======== PROVIDED DATA
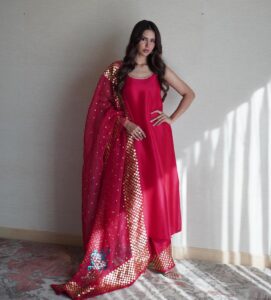 Sonam Bajwa Suits: सोनम बाजवा के फैशनेबल वार्डरोब से लें, ट्रेंडी सूट इंस्पिरेशन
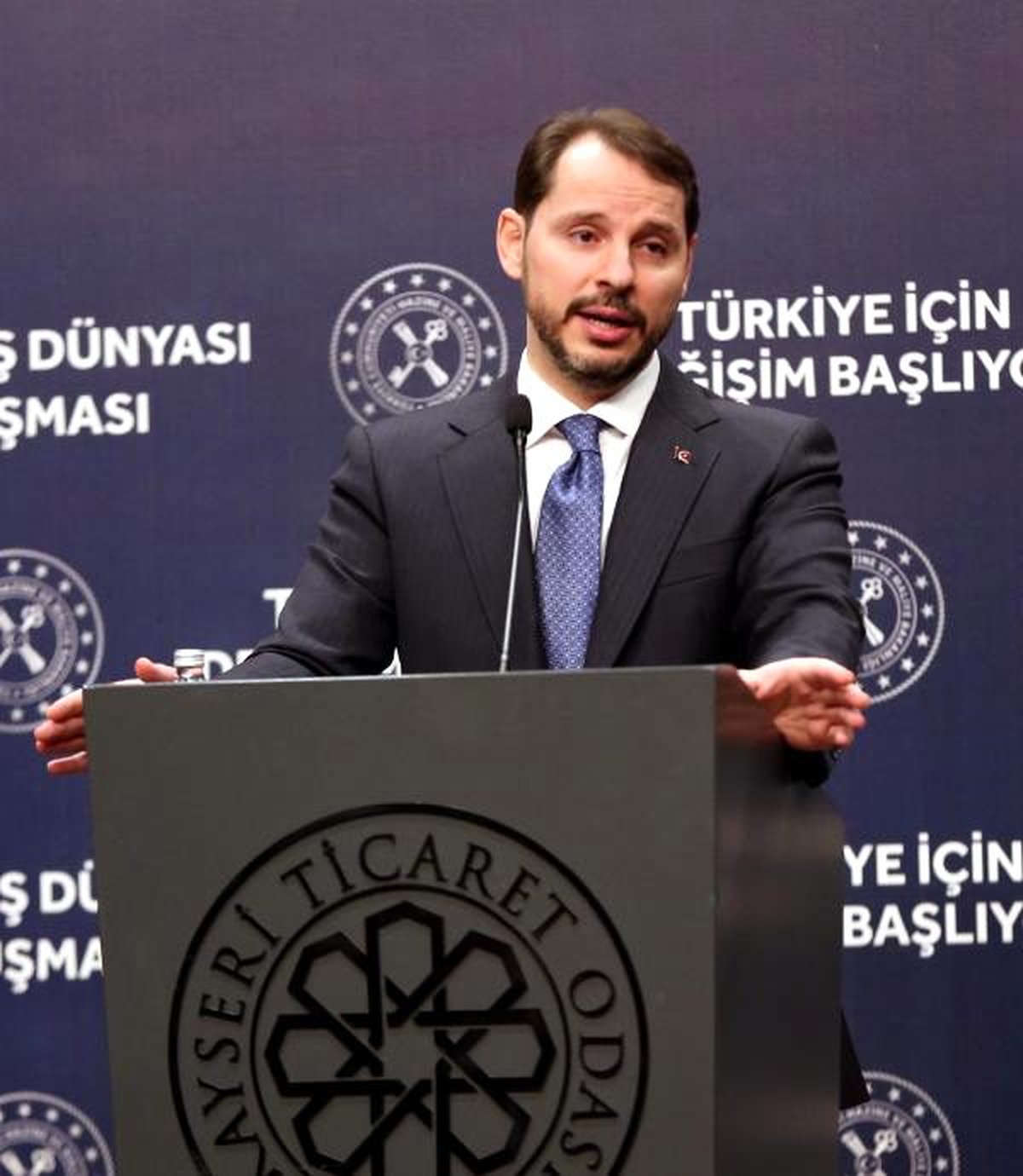 Bakan Albayrak: Kamu bankaları, 2020\'ye girmeden tek haneli faizleri başlatıyor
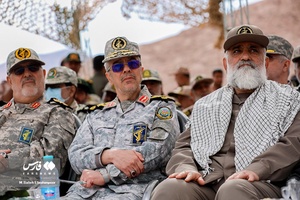 بازدید سرلشکر باقری از نیروی زمینی سپاه کرمان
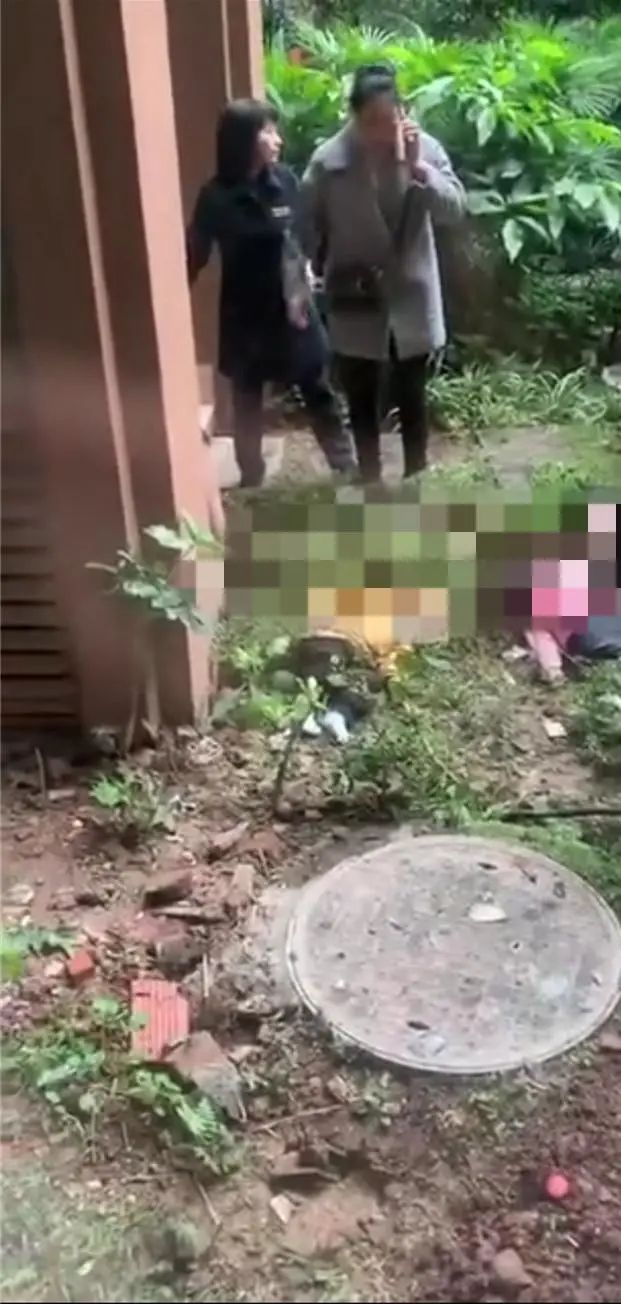 痛!一个2岁一个5岁!俩幼童从15楼坠亡,爸爸就在家(图2) 痛!一个2岁一个5岁!俩幼童从15楼坠亡,爸爸就在家(图2)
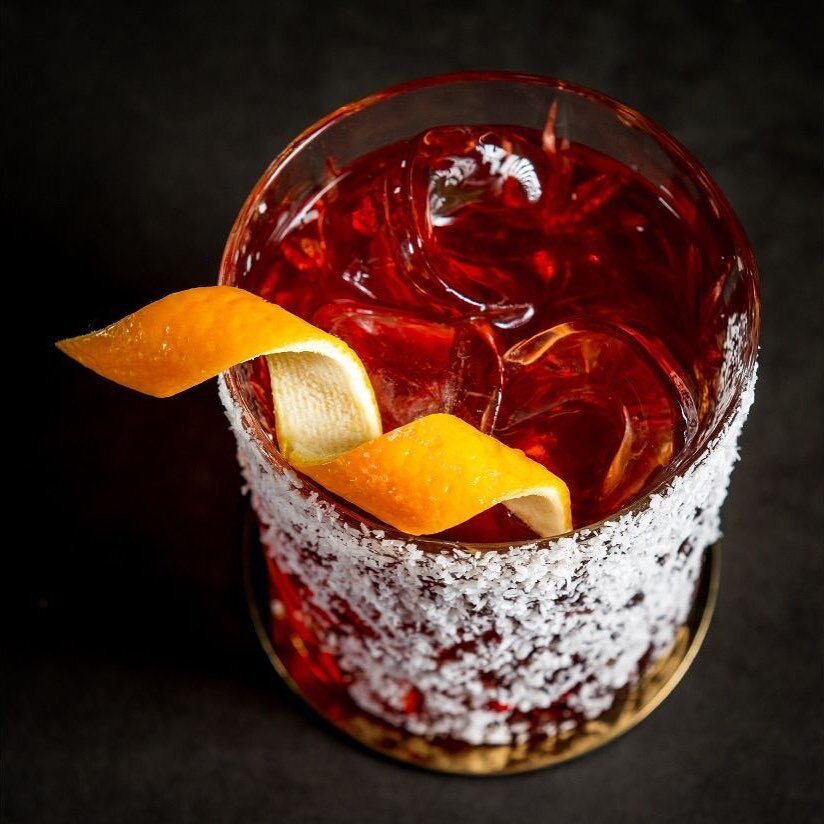 Help your clients kick off their weekend the right way. ⠀
⠀
Visit our website to learn more!⠀
⠀
#cocktails #cocktailkits #drinks #mixology #shoplocal #barbandits #virtualcocktailclass #cheers #homebartending #shopsmall #cocktailgram #mocktails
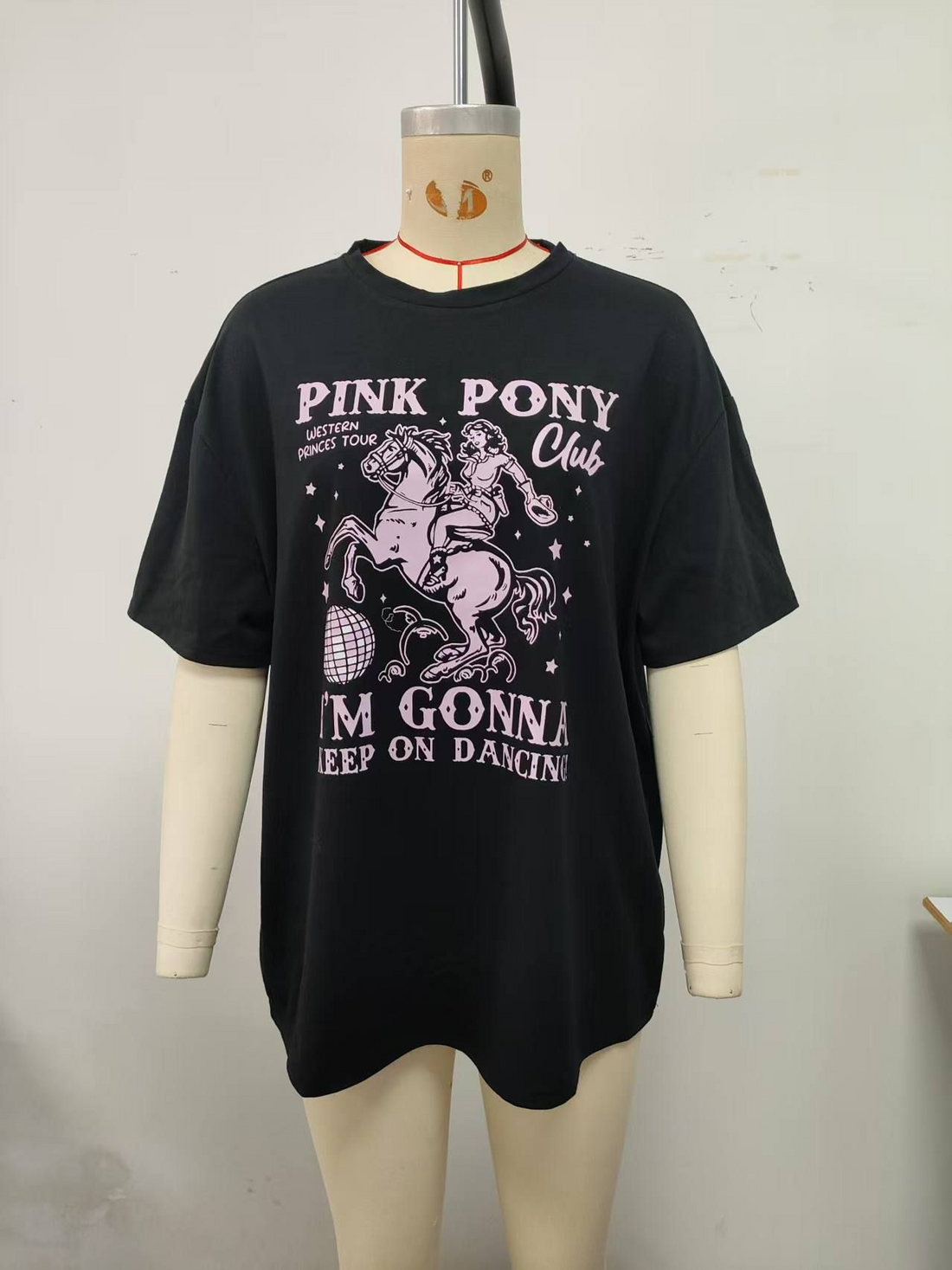 Black, regular T-shirt - pink pony pattern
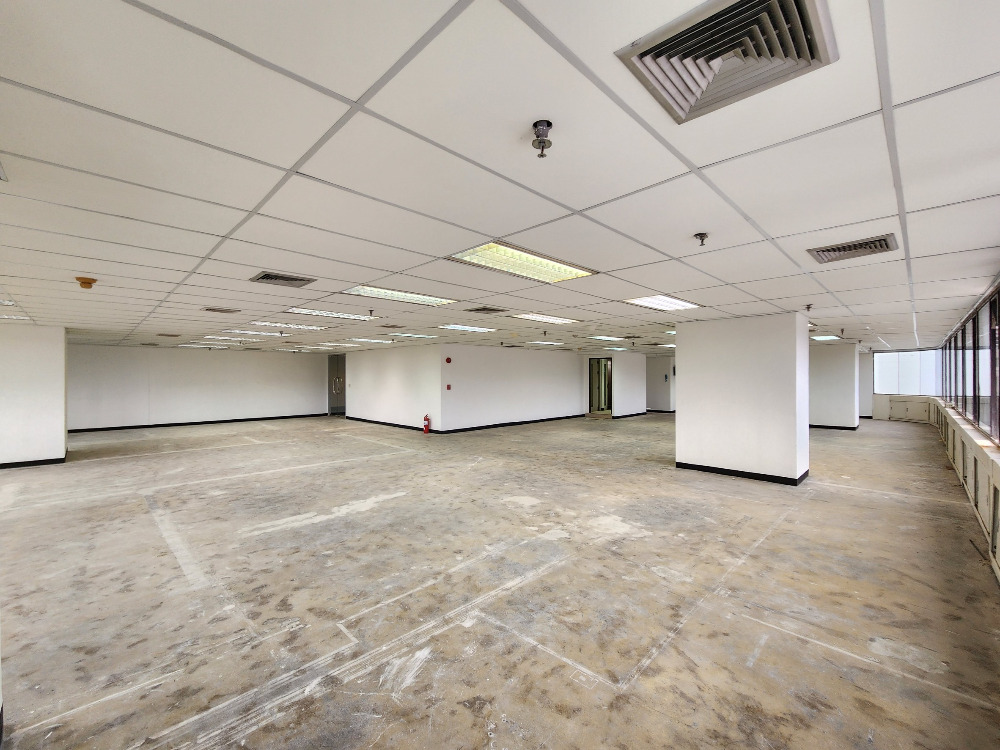 For SaleOfficeKhlongtoei, Kluaynamthai : Office space for sale on the Ocean Tower 1 building, 308 sq.m.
================
• _PROMPT_
Output the full listing verbatim; pictures stay out.

• _RESPONSE AREA_
 Sonam Bajwa Suits: सोनम बाजवा के फैशनेबल वार्डरोब से लें, ट्रेंडी सूट इंस्पिरेशन
 Bakan Albayrak: Kamu bankaları, 2020\'ye girmeden tek haneli faizleri başlatıyor
 بازدید سرلشکر باقری از نیروی زمینی سپاه کرمان
 痛!一个2岁一个5岁!俩幼童从15楼坠亡,爸爸就在家(图2) 痛!一个2岁一个5岁!俩幼童从15楼坠亡,爸爸就在家(图2)
 Help your clients kick off their weekend the right way. ⠀
⠀
Visit our website to learn more!⠀
⠀
#cocktails #cocktailkits #drinks #mixology #shoplocal #barbandits #virtualcocktailclass #cheers #homebartending #shopsmall #cocktailgram #mocktails
 Black, regular T-shirt - pink pony pattern
 For SaleOfficeKhlongtoei, Kluaynamthai : Office space for sale on the Ocean Tower 1 building, 308 sq.m.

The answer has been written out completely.